Godchaux dedicated her novel to "the memory of Edward Godchaux, Louisiana planter," and the book was written after the death of her father. The focus of the novel seems to be on the planter, Anton, who is drawn from memories of her father and her grandfather. Some critics, perhaps looking for a more romantic figure than Anton, seemed to misread and felt the central figure to be his cruel undisciplined wife, Marie Elizabeth, but it is likely the epic quality of the story of Anton is exactly what the author was seeking to portray, and what readers of the novel today may find most interesting in it.
Godchaux's short stories were first published by the Southern Review and the Frontier and Midland, and then were included in the Best Short Stories of 1935, the Best Short Stories of 1937, the O. Henry Memorial Prize Stories of 1936, and other anthologies.
In one of Godchaux's short stories, "Chains," the protagonist is a poor Cajun who owns only a small patch of swampland.
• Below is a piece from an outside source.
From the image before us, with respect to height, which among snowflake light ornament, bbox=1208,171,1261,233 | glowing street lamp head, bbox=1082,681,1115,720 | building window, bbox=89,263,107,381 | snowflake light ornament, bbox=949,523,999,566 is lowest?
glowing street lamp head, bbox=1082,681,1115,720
Quite different from Anton, the leading character in Stubborn Roots, he is a most unusual sort of landowner in that, although he loves the land, he does not actually work it. Both the Cajun man and Anton, however, are indicative of many of the writer's characters, who act on their principles and become defined by those actions, rather than by tangible rewards or achievements.
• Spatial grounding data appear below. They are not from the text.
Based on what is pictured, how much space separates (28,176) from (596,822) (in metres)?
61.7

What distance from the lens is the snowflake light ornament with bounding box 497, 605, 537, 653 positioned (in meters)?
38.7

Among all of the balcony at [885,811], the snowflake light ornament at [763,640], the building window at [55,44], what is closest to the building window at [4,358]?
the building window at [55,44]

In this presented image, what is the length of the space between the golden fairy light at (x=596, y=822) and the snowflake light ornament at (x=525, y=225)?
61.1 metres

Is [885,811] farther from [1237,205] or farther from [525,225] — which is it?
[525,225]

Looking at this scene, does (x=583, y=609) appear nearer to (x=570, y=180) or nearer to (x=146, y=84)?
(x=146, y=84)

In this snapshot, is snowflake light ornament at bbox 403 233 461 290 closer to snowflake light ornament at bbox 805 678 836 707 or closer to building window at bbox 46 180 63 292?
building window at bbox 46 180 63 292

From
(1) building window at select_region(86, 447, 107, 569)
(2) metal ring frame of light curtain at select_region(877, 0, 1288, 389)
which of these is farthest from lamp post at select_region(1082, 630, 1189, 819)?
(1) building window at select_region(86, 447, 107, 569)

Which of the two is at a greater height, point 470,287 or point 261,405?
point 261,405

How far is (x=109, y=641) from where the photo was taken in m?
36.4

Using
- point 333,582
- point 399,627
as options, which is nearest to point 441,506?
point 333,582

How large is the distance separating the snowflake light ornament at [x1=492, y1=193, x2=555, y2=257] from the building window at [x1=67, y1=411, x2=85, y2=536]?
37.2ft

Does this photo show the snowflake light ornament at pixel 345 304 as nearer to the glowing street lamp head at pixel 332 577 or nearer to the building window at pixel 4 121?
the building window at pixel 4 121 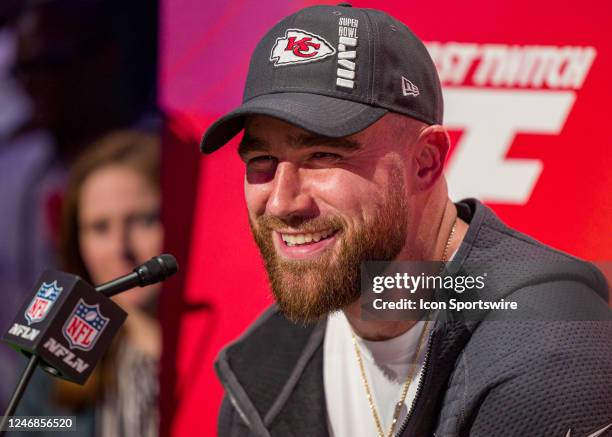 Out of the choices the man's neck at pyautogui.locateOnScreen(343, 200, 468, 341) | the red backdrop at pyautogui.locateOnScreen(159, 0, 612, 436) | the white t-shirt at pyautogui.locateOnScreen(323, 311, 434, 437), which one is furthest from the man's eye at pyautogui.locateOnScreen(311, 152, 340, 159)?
the red backdrop at pyautogui.locateOnScreen(159, 0, 612, 436)

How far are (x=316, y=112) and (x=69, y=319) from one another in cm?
53

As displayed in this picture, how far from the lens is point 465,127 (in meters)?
1.75

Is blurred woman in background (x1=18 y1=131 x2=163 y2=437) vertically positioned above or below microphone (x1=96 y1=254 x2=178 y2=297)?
below

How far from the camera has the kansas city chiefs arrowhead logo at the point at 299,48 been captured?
133 cm

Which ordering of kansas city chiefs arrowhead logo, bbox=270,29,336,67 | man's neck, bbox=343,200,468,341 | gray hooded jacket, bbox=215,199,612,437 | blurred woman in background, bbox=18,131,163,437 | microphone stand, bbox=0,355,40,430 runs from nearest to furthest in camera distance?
microphone stand, bbox=0,355,40,430 < gray hooded jacket, bbox=215,199,612,437 < kansas city chiefs arrowhead logo, bbox=270,29,336,67 < man's neck, bbox=343,200,468,341 < blurred woman in background, bbox=18,131,163,437

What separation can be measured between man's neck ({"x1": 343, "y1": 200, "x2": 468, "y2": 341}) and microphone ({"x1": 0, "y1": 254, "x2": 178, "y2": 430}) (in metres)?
0.47

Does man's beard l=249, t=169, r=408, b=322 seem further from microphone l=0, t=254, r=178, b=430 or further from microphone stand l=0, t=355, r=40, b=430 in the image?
microphone stand l=0, t=355, r=40, b=430

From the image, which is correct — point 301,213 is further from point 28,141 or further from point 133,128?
point 28,141

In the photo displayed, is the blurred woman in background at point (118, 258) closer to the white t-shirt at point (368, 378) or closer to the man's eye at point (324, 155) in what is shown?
the white t-shirt at point (368, 378)

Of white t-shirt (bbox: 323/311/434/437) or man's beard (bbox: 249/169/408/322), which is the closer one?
man's beard (bbox: 249/169/408/322)

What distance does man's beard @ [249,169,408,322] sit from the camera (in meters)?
1.34

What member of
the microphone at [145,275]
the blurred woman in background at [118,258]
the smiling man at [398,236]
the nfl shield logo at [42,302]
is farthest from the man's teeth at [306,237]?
the blurred woman in background at [118,258]

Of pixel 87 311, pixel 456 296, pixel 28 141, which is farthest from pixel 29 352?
pixel 28 141

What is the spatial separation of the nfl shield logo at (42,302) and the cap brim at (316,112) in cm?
42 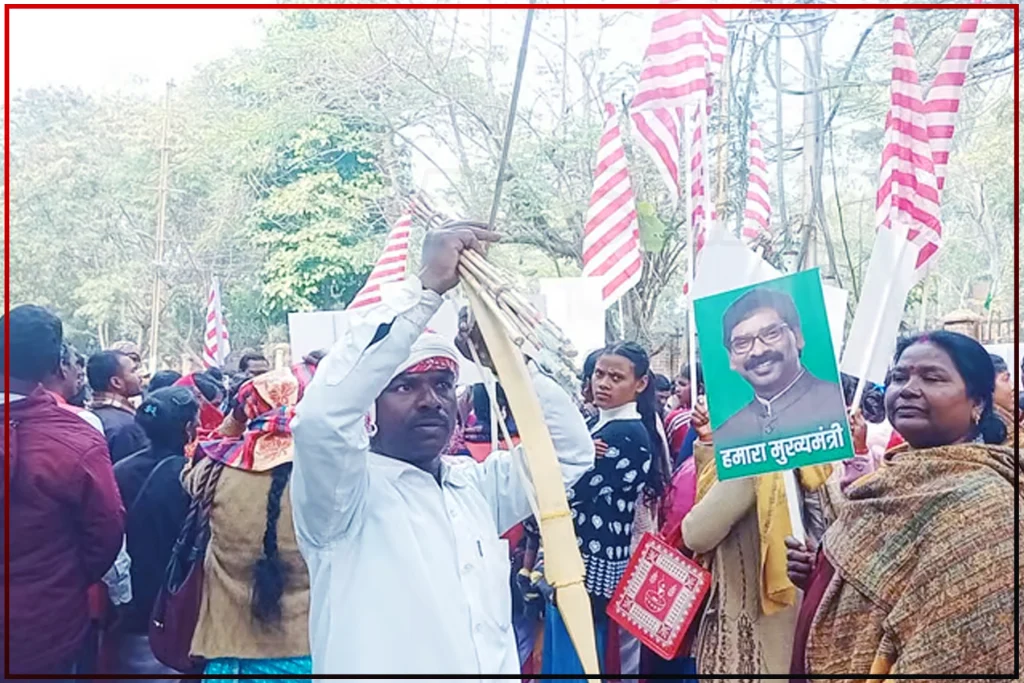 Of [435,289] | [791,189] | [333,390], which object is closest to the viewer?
[333,390]

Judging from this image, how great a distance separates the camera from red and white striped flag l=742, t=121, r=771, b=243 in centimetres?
430

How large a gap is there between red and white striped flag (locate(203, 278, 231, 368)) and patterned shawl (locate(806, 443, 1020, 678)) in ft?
7.41

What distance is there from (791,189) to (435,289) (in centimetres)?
350

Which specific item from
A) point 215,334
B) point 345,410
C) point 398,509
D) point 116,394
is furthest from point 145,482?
point 345,410

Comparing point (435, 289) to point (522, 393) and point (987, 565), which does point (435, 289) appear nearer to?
point (522, 393)

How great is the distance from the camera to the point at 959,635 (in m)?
1.87

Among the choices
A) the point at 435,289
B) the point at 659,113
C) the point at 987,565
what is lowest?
the point at 987,565

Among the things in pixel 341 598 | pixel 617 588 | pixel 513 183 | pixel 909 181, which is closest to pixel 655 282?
pixel 513 183

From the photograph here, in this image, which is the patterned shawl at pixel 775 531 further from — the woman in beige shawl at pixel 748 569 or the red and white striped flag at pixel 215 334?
the red and white striped flag at pixel 215 334

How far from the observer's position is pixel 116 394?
330 centimetres

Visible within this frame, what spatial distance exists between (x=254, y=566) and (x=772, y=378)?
139 cm

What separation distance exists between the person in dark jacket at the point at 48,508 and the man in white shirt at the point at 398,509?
3.06ft

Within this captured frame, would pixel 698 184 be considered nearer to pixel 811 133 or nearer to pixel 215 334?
pixel 811 133

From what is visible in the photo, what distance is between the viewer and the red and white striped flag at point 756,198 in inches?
169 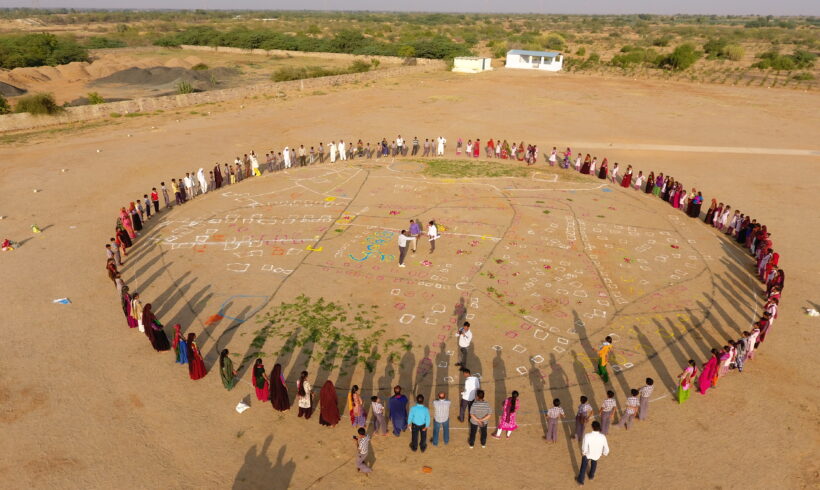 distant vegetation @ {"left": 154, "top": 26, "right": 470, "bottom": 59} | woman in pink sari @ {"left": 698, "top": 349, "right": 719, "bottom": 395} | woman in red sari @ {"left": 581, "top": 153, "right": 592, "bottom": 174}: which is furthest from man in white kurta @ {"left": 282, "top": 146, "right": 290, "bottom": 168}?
distant vegetation @ {"left": 154, "top": 26, "right": 470, "bottom": 59}

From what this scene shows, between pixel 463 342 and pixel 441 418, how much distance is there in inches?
99.4

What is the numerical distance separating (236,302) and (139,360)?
338 cm

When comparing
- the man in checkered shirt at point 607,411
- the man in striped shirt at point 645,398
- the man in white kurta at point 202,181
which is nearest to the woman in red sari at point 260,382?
the man in checkered shirt at point 607,411

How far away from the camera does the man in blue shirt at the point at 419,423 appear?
33.7 ft

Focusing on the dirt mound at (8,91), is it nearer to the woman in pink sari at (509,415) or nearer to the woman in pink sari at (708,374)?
the woman in pink sari at (509,415)

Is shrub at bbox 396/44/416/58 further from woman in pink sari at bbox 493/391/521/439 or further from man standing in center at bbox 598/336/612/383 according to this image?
woman in pink sari at bbox 493/391/521/439

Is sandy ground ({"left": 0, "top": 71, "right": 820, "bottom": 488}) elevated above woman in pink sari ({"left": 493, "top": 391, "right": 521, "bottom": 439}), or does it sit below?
below

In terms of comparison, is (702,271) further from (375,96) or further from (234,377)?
(375,96)

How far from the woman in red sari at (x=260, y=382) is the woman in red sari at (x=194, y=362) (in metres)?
1.75

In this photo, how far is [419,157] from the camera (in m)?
31.7

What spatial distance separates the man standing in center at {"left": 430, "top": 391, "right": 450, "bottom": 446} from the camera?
1047cm

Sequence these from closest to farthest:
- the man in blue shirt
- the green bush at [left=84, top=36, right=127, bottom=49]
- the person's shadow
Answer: the person's shadow < the man in blue shirt < the green bush at [left=84, top=36, right=127, bottom=49]

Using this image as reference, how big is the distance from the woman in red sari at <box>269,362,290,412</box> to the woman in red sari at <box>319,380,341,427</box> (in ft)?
3.03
Critics praised both Godchaux's novel and short stories in her own lifetime. She believed "all ordinary experience is fleeting.… Writing is something to live for. If it is your work you can hold it with you. Everything else somehow always escapes." Unfortunately, Godchaux's writing career, although noteworthy, was very brief. She did not begin to write until her daughter was in college, and she died prematurely at the age of forty-four.
Goldstein, A., "The Creative Spirit," in The Past As Prelude: New Orleans 1718-1968 (1968). McVoy, L. C., and R. Campbell, eds., A Bibliography of Fiction by Louisianians and on Louisiana Subjects (1935).
New Orleans Times-Picayune (5 April 1936, 4 April 1941).